▸ **EXERCISE PROMPT**:
All of the records must be restated exactly, with every line complete.

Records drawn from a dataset
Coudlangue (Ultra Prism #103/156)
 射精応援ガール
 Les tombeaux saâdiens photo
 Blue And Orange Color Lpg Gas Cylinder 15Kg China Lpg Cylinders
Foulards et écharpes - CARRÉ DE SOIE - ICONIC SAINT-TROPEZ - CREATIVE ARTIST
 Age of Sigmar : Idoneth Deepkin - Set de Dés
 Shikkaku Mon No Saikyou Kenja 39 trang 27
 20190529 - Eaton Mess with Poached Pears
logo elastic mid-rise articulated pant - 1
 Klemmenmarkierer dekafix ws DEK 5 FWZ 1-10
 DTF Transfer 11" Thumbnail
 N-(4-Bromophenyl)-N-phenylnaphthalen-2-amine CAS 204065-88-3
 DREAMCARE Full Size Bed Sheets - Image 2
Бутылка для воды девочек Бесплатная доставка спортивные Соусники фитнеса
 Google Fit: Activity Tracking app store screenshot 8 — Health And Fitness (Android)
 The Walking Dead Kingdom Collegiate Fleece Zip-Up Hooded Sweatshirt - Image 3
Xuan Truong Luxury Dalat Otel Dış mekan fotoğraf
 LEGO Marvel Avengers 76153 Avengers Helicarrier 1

▸ **YOUR SOLUTION**:
Coudlangue (Ultra Prism #103/156)
 射精応援ガール
 Les tombeaux saâdiens photo
 Blue And Orange Color Lpg Gas Cylinder 15Kg China Lpg Cylinders
Foulards et écharpes - CARRÉ DE SOIE - ICONIC SAINT-TROPEZ - CREATIVE ARTIST
 Age of Sigmar : Idoneth Deepkin - Set de Dés
 Shikkaku Mon No Saikyou Kenja 39 trang 27
 20190529 - Eaton Mess with Poached Pears
logo elastic mid-rise articulated pant - 1
 Klemmenmarkierer dekafix ws DEK 5 FWZ 1-10
 DTF Transfer 11" Thumbnail
 N-(4-Bromophenyl)-N-phenylnaphthalen-2-amine CAS 204065-88-3
 DREAMCARE Full Size Bed Sheets - Image 2
Бутылка для воды девочек Бесплатная доставка спортивные Соусники фитнеса
 Google Fit: Activity Tracking app store screenshot 8 — Health And Fitness (Android)
 The Walking Dead Kingdom Collegiate Fleece Zip-Up Hooded Sweatshirt - Image 3
Xuan Truong Luxury Dalat Otel Dış mekan fotoğraf
 LEGO Marvel Avengers 76153 Avengers Helicarrier 1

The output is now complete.